Extracted material:
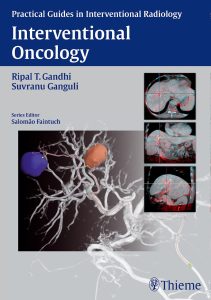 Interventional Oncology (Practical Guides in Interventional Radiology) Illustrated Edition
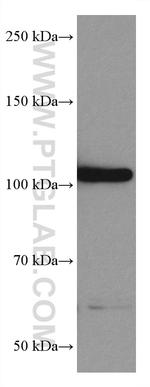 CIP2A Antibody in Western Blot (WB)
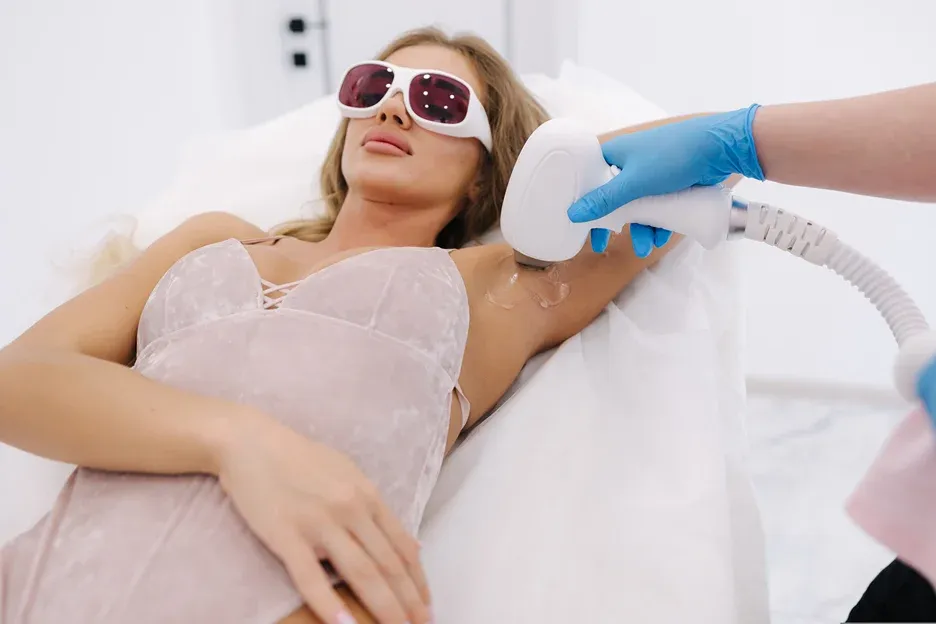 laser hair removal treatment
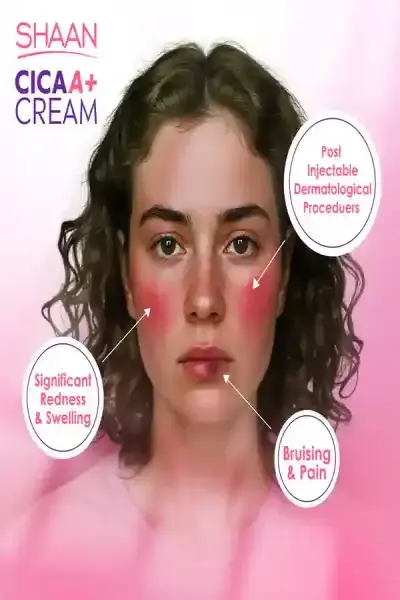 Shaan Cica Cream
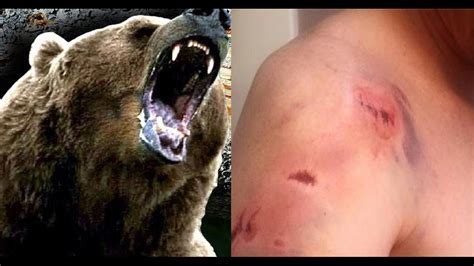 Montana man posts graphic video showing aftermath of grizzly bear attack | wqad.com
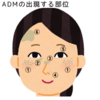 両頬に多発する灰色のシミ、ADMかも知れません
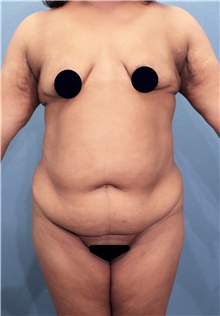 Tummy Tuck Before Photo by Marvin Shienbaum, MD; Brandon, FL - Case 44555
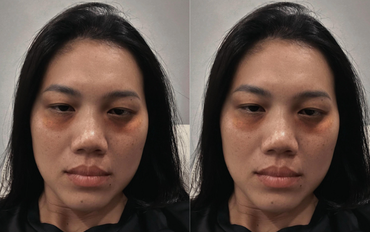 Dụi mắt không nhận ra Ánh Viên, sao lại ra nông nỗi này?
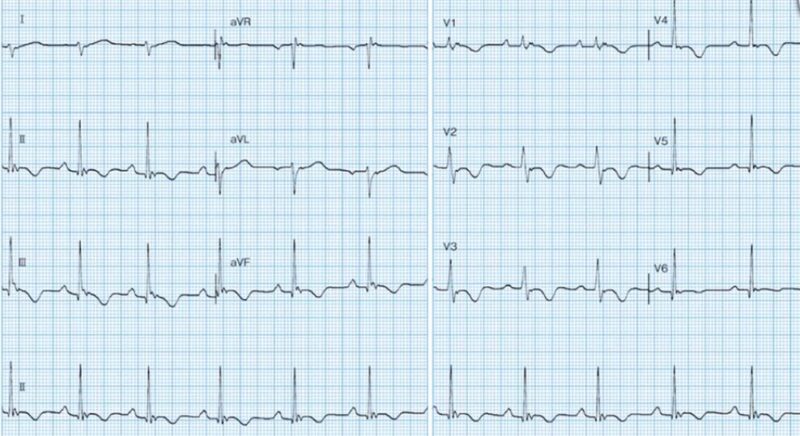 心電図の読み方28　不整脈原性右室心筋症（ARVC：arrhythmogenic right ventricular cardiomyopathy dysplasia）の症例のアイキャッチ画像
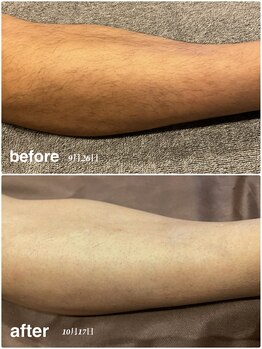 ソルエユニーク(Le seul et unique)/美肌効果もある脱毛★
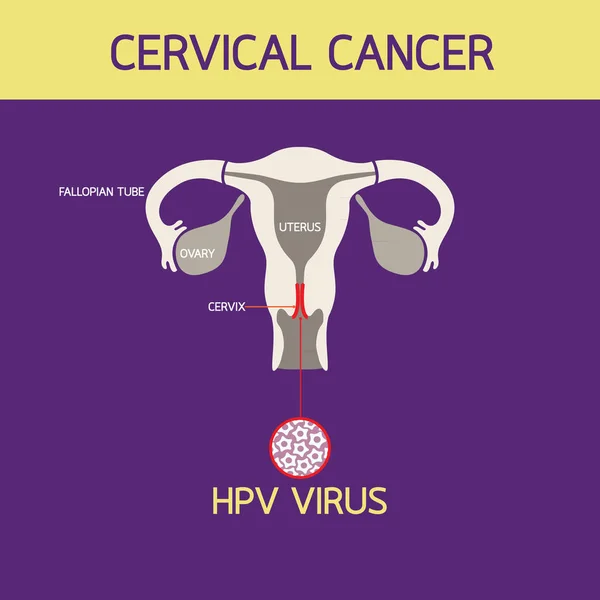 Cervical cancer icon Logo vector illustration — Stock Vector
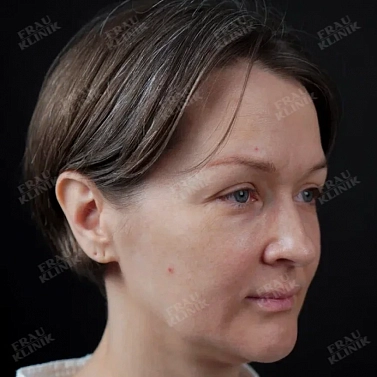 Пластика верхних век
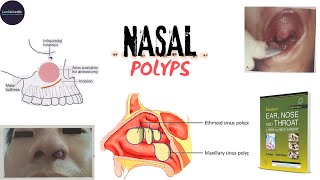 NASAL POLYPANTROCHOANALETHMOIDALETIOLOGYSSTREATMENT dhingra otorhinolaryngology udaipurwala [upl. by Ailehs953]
==
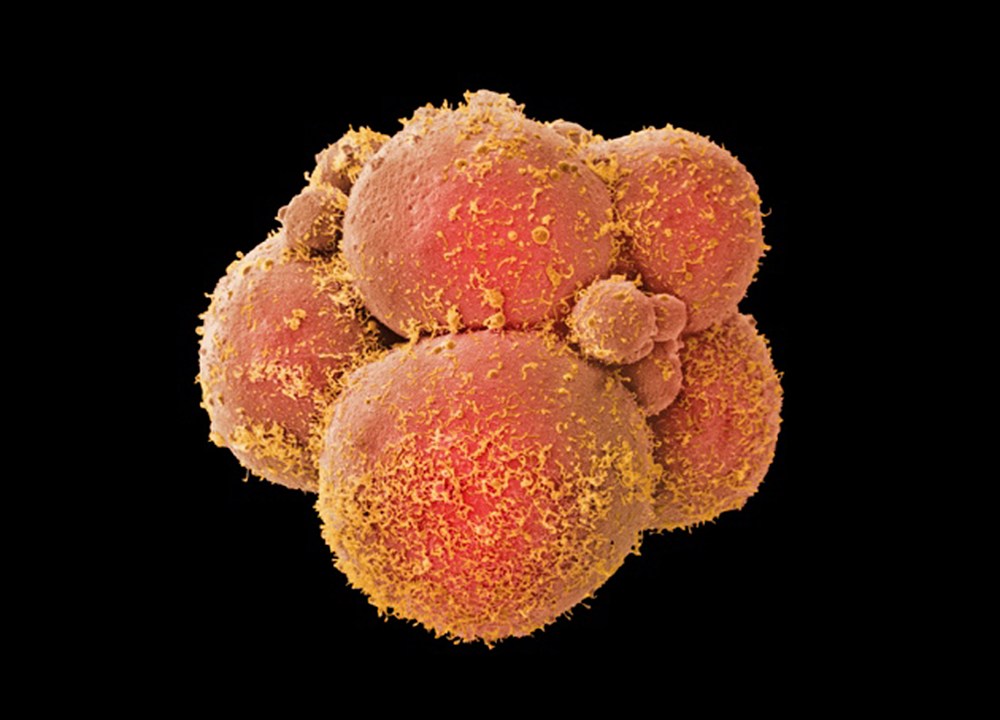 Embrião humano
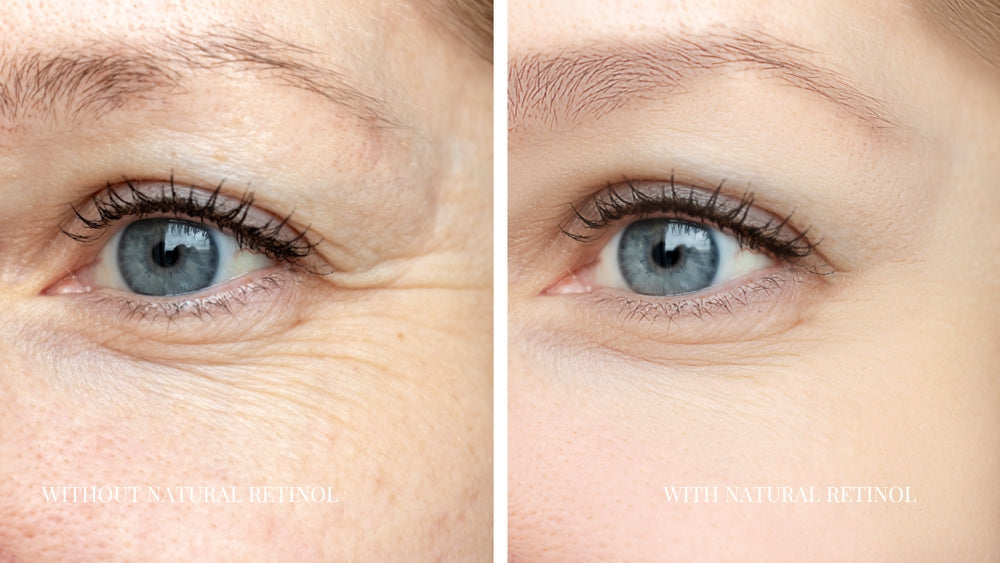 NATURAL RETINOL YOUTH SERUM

What is being asked: Beginning with the line that contains "Interventional Oncology (Practical" and ending with the line that contains "NASAL POLYPANTROCHOANALETHMOIDALETIOLOGYSSTREATMENT dhingra", reproduce the listing exactly, pictures excluded.

Response to the exercise:
 Interventional Oncology (Practical Guides in Interventional Radiology) Illustrated Edition
 CIP2A Antibody in Western Blot (WB)
 laser hair removal treatment
 Shaan Cica Cream
 Montana man posts graphic video showing aftermath of grizzly bear attack | wqad.com
 両頬に多発する灰色のシミ、ADMかも知れません
 Tummy Tuck Before Photo by Marvin Shienbaum, MD; Brandon, FL - Case 44555
 Dụi mắt không nhận ra Ánh Viên, sao lại ra nông nỗi này?
 心電図の読み方28　不整脈原性右室心筋症（ARVC：arrhythmogenic right ventricular cardiomyopathy dysplasia）の症例のアイキャッチ画像
 ソルエユニーク(Le seul et unique)/美肌効果もある脱毛★
 Cervical cancer icon Logo vector illustration — Stock Vector
 Пластика верхних век
 NASAL POLYPANTROCHOANALETHMOIDALETIOLOGYSSTREATMENT dhingra otorhinolaryngology udaipurwala [upl. by Ailehs953]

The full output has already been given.